4 comments April 10, 2009
boy meets girl…
they have a lot of fun and boy says nice things to girl. Girls see boy taking another girls number. boy swears he was just being polite to a friend of a friend and deletes other girls number. Girl still wont give her number to boy. Boy tries one more time before the night is over. Girl smiles and leave.
next day girl feels bad because she might have been a little harsh on boy. friends him on myspace to make amends. girl receives this message:
Hey…. So you never gave me your number, so I’m giving you mine…
xxx xxx xxxx
You work at salon? My friend A works there. She used to date my friend R for a long time, I’ve known her for quite a while. She’s a rad chick.
It was nice hanging out with you last night..
Hopefully I’ll talk to you soon…
boy
Girl responds and send number then texts boy to be sure he has it. Girl then finds out that before he got the number from her, he got it from her friend but then decided it might be weird to call girl when she had not given her number.(friend tells girl that boy also confirmed to said friend that the girl from the other night was just a friend of a friend and he didn’t even remember her name. said he liked girl)
Five days pass and girl wonders why boy hasn’t contacted her. Girl texts boy a chats for a bit but boy is at work. So girl says I will stop bothering you at work give me a call later. boy says sounds good. 2 days later girl still has not heard from boy.
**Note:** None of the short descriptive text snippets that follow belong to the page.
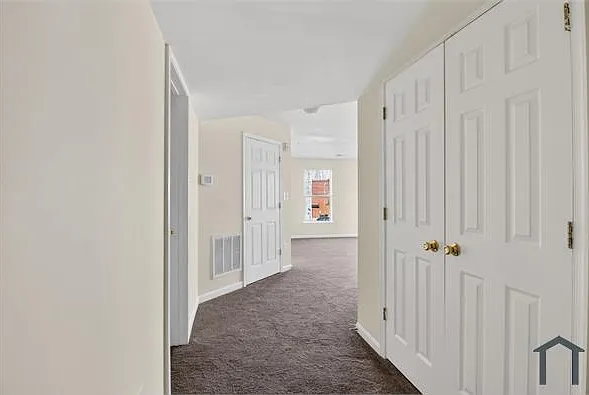 929 E Baltimore St #202 — Photo 5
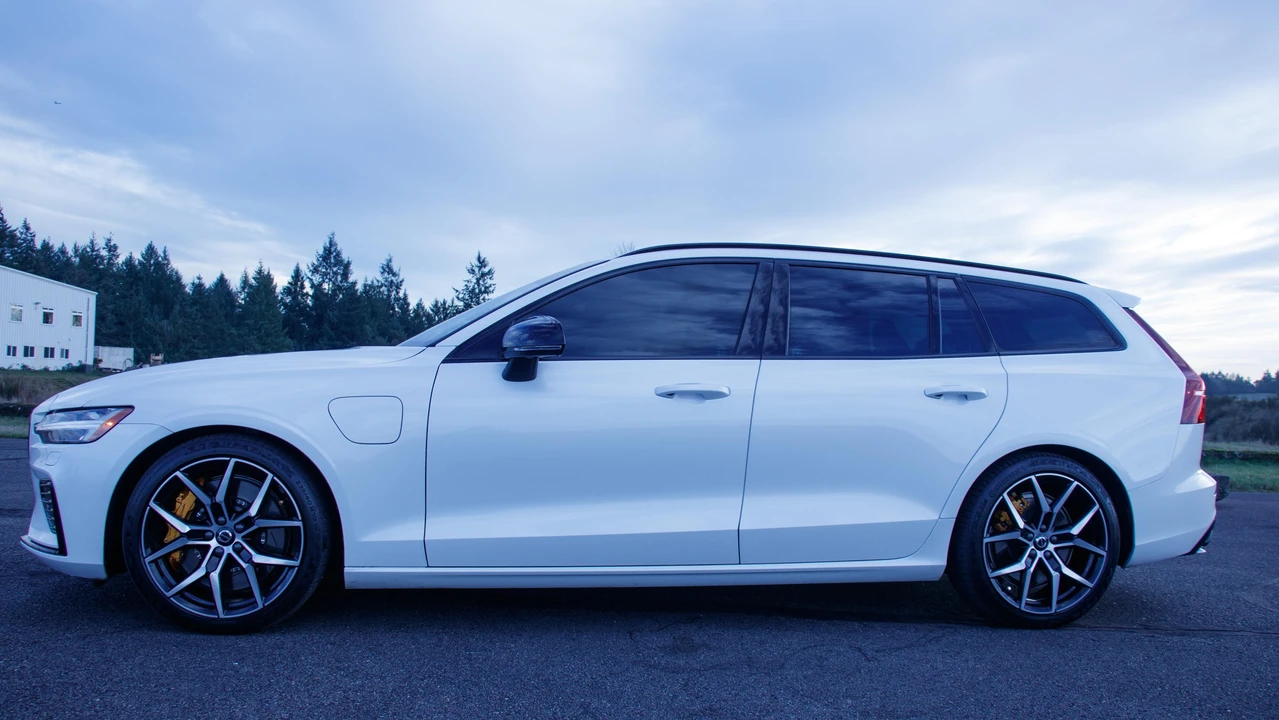 2022 Volvo V60 2nd Gen - Image 12 of 31
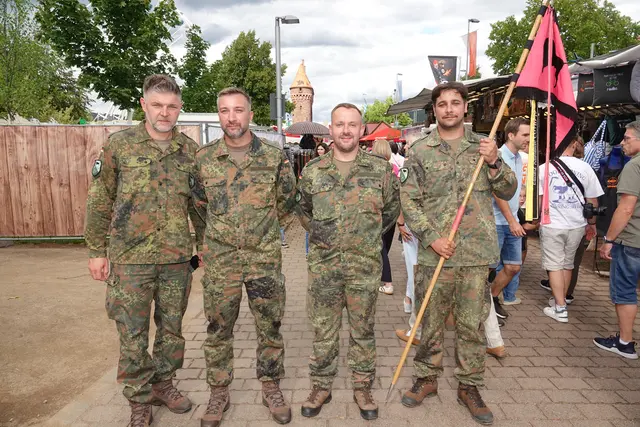 Die Bundeswehr ist kein Fremdkörper im Festzug, sondern ein ruhiger, würdevoller Kontrapunkt.
Sie erinnert daran, dass die Michaelismesse nicht nur ein Volksfest ist, sondern ein Treffpunkt der Region, ein Ort, an dem Nachbarschaften sichtbar werden – selbst jene, die Uniform tragen.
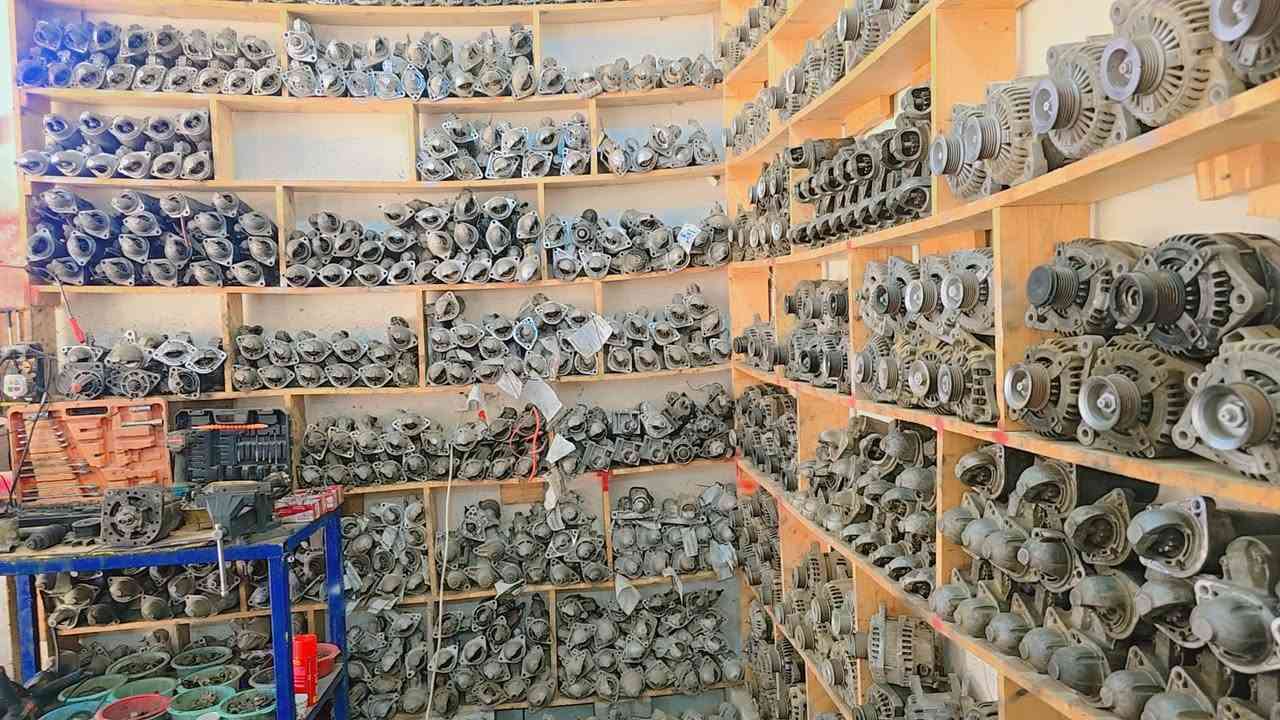 خدمات #الليث 
ابو السيارة ادللك دلال 
ماتطلع من يمي اله وانت راضي 
٢٤ /١٢ سيارات كبيرة وصغيرة 
والمواقع للمؤلدات والمعدات الثقيلة 
كهربائي عام لكافة انواع السيارات 🚗 
شعارنا ماكو شي اسمة ماكو يخص كل السيارات 🚗 
وشعارنا الأمان والاخلاص بالعمل 
وشعارنا الضمان بالعمل 
وشعارنا القناعة كنز لا يفنى 
والاسعار جوه السوك بسعر الجملة واكو ارخص 
لان دنحصل اسعار مناسبة من اهل الحاويات مباشر 
عنوان المحلات الرمادي التأميم ٨ شباط قرب محطة غسل الراوي 
بأدارة ابو ليث الدليمي وليث الدليمي 
رقم الهاتف *********** 
علماً الخدمة ٢٤ ساعة
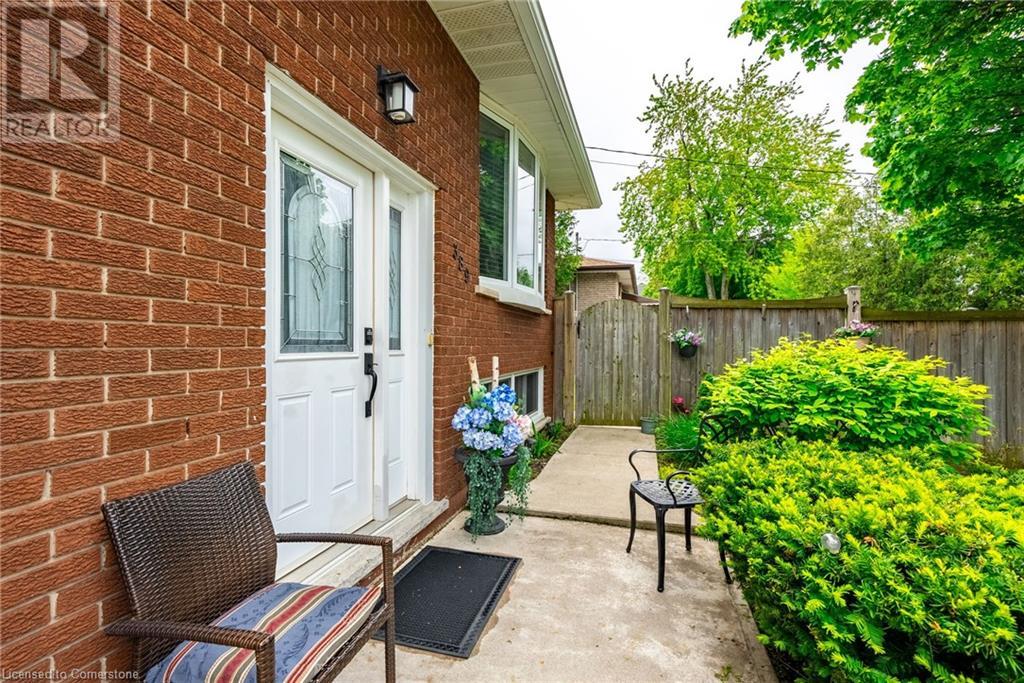 389 Hawkridge Avenue, Hamilton, Ontario  L9C 5Z6 - Photo 5 - 40736461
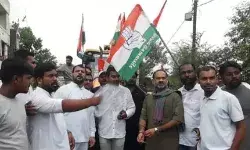 पूर्व छात्र नेता की धारदार हथियार से काटकर हत्या- मचा हड़कंप पूर्व छात्र नेता की धारदार हथियार से काटकर हत्या- मचा हड़कंप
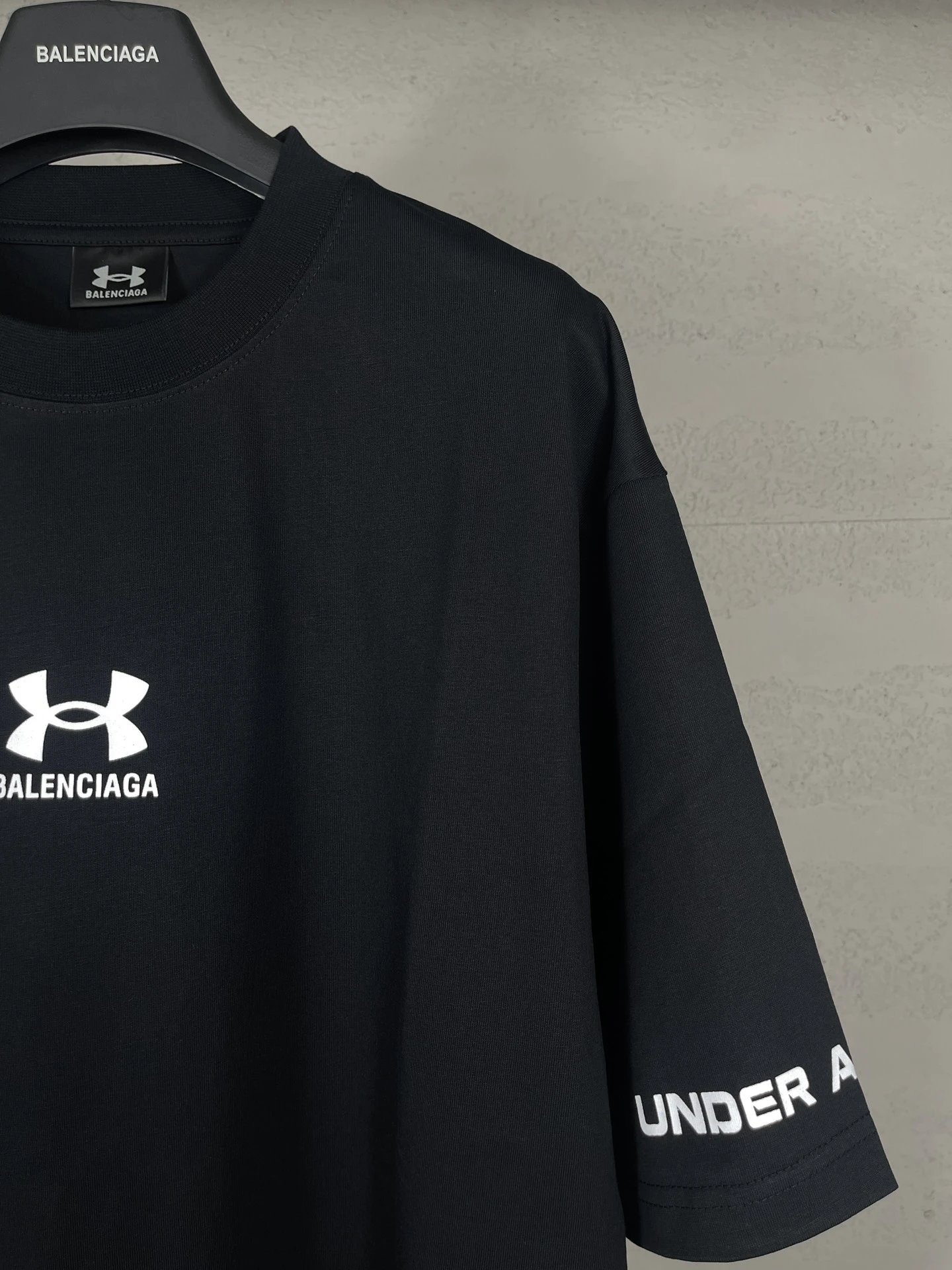 BLCG Logo Print T-Shirt photo 8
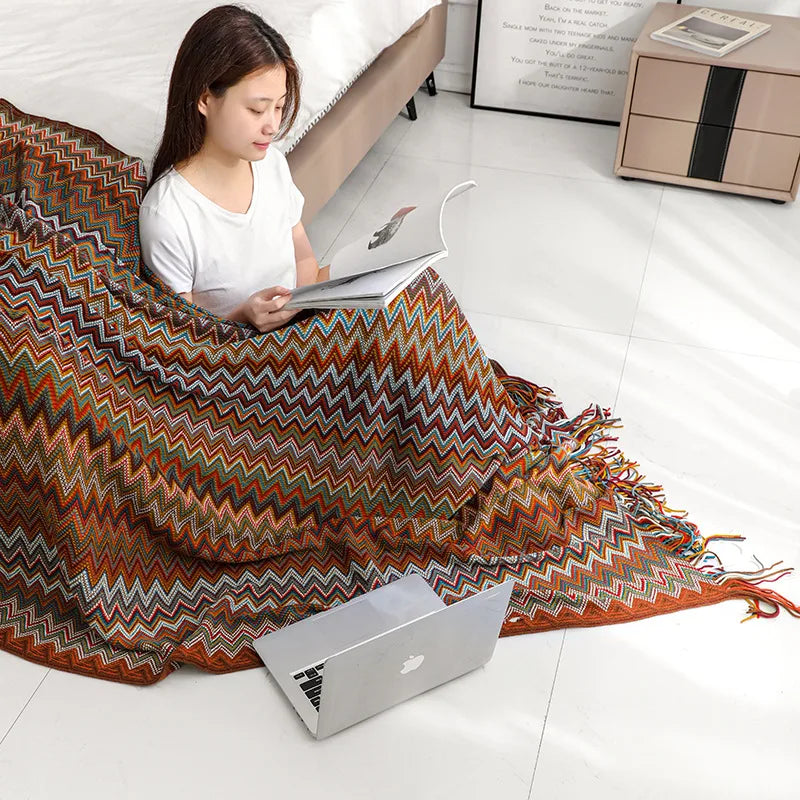 Boho Zigzag Knit Throw Blanket – Tasseled Throw for Sofa & Bed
what does girl do? why would boy go through so much trouble to get a number and not use it? girl is very confused.
3 comments April 5, 2009
I love a lazy sunday…
My weekend wasnt terribly eventful. I work both jobs on Saturday so that took up all of that day. But today was lovely. I woke up fairly early, had breakfast and when to lay on the beach for a few hours. I came home, sat on the porch and did my own mani pedi and chatted with some friends online for a bit. Then we grilled hot dogs and burgers for dinner , and the Coley came by for a bit. I was slow, lazy and wonderful! I am soo thrilled that it is finally feeling like summer again! I love the beach, and the warmth, and the fact that I am finally getting some color again! I am really looking forward to the continuing beautiful weather and intend to spend at least part of every weekend on the beach from here on out!
Add comment March 15, 2009
since when does hi mean please grab my booty?
I just don’t understand guys these days. Since when does being friendly give you a right to touch me? Some jerk at the club tonight kept grabbing my booty, so me and my girl just walked away. Unfortunately the guy followed shortly and when we tried to get away again he tried to block us. Luckily there was a large bouncer near by who took over and kicked the guy out. But honestly, what is going on. Why do guys think they have the right to feel me up? What happened to all the nice guys?
6 comments March 14, 2009
feeling better
wow, that was a weird little freak out the other night. I think maybe I just needed to cry a little. Outside of that, things are great. Things at the salon are going really well, and they seem to be very pleased with me! I have moved on to phase two of my training there , and I think I will like this part much better. Although I still cant wait to be done with it all together. Four hours on a monday night after working all day can be a bit much! Im have fun with my friends. Had the past two weekends off from the second job so I went out one sat for a friends birthday and went out last sat with a girl from work. Had such a blast both weekends! this past sunday I went to the zoo with my family and we had so much fun! Things are definitely looking good…

2 comments March 11, 2009
lonely….
Im tired of being a lone. Im tired of feeling undesirable! I hate how things are right now. And I really hate how everyone hows in better situations is telling me how its all going to be ok one day!
Ugh, im never drinking wine again…. it makes me way to emotional!
2 comments March 6, 2009
Ugh,
I have a cold, and I cant breath. It makes me tired! It is awful and I hate it! I just want to stay in bed all week until it is over! Sadly, I must go to work instead! (though I do love my job) I am going to try to go to the gym before work in the morning, lets hope it doesn’t kill me!